Core Concepts
AI governance requires a sociotechnical perspective to navigate trade-offs effectively.
Abstract
The content discusses the importance of a sociotechnical perspective in understanding and navigating trade-offs in AI governance. It focuses on the formal trade-offs between predictive accuracy and fairness, and between predictive accuracy and interpretability. The author argues against a prevalent interpretation that directly correlates these trade-offs with tensions between underlying values. Instead, they emphasize the need to consider validity, compositionality, and deployment dynamics to bridge the gap between formal trade-offs and practical impacts on values. The discussion highlights the complexities of decision-making in AI-based systems, emphasizing the importance of interdisciplinary collaboration and a broader understanding of the sociotechnical context.
Directory:
- Introduction
- Formal trade-offs in responsible AI governance
- Importance of normative engagement in AI governance
- Trade-offs in AI-based Decision-Making
- Accuracy-fairness and accuracy-interpretability trade-offs
- Prediction-based decision-making and model optimization
- Sociotechnical Perspective on Interpreting the Trade-offs
- Validity and relevance considerations
- Compositionality in decision-making systems
- Deployment dynamics and long-term implications
- Discussion
- Expanding normative engagement and challenges
- The role of interdisciplinary collaboration in responsible AI governance
- Conclusion
- Importance of a sociotechnical perspective in navigating trade-offs effectively
Stats
"This paper focuses on two highly publicized formal trade-offs in the field of responsible artificial intelligence (AI)—between predictive accuracy and fairness and between predictive accuracy and interpretability."

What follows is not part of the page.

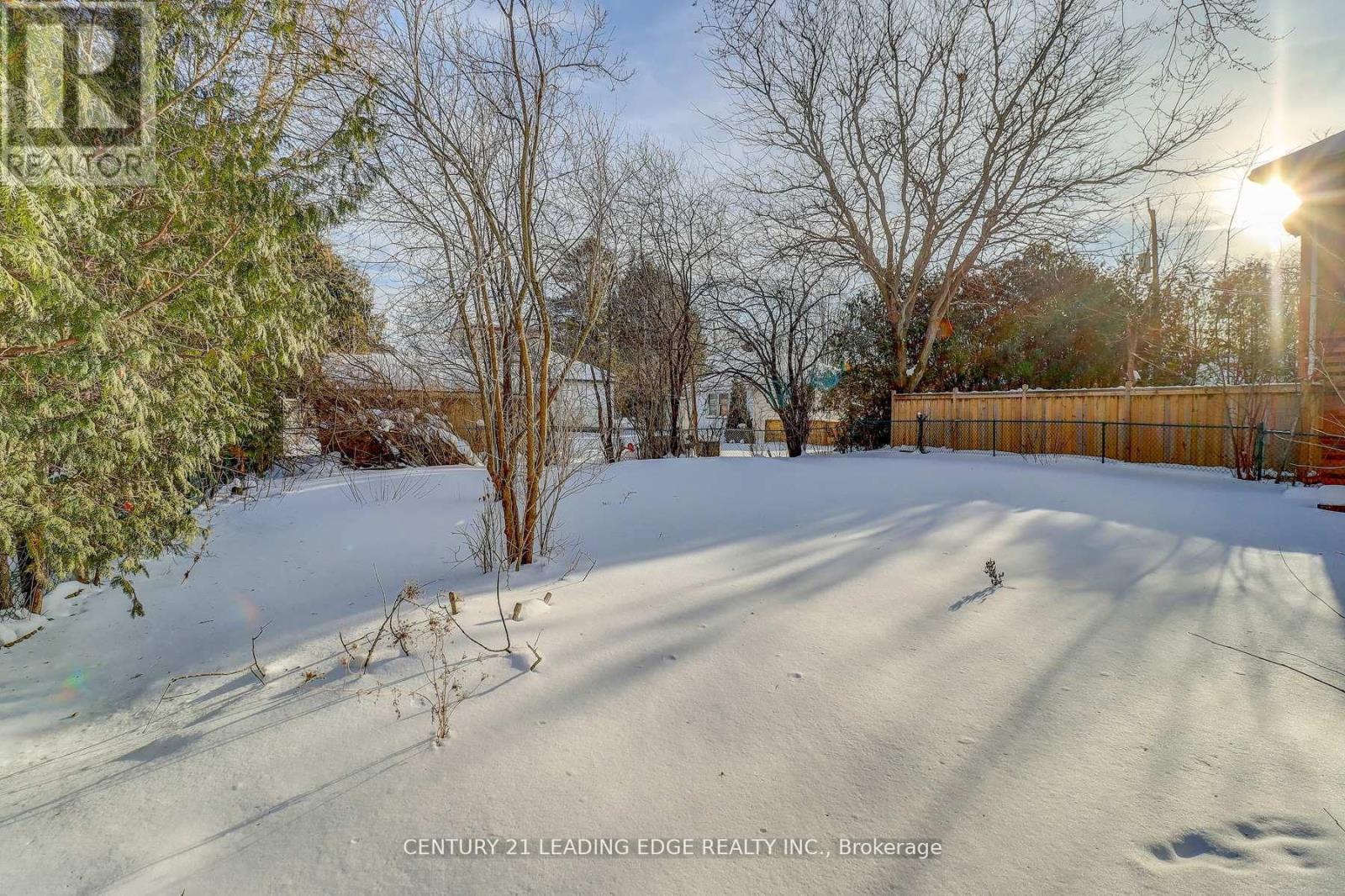 107 LAKELAND CRESCENT - 39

"Ensuring fairness (in some statistical sense) might necessitate relinquishing the opportunity of deploying more predictively accurate models."
"The most accurate models might be “blackboxes” that lack interpretability (in some sense), whose deployment can threaten values that interpretability is said to support."
Quotes
"In many cases, we can’t have them all, as interventions that realize some will sacrifice others."
"Taken together, these considerations form a sociotechnical framework that could guide those involved in AI governance to assess how, in many cases, we can and should have higher aspirations than the prevalent interpretation of the trade-offs would suggest."
"The relation between formal model-level properties and the corresponding values is not a straightforward one, and involves many assumptions."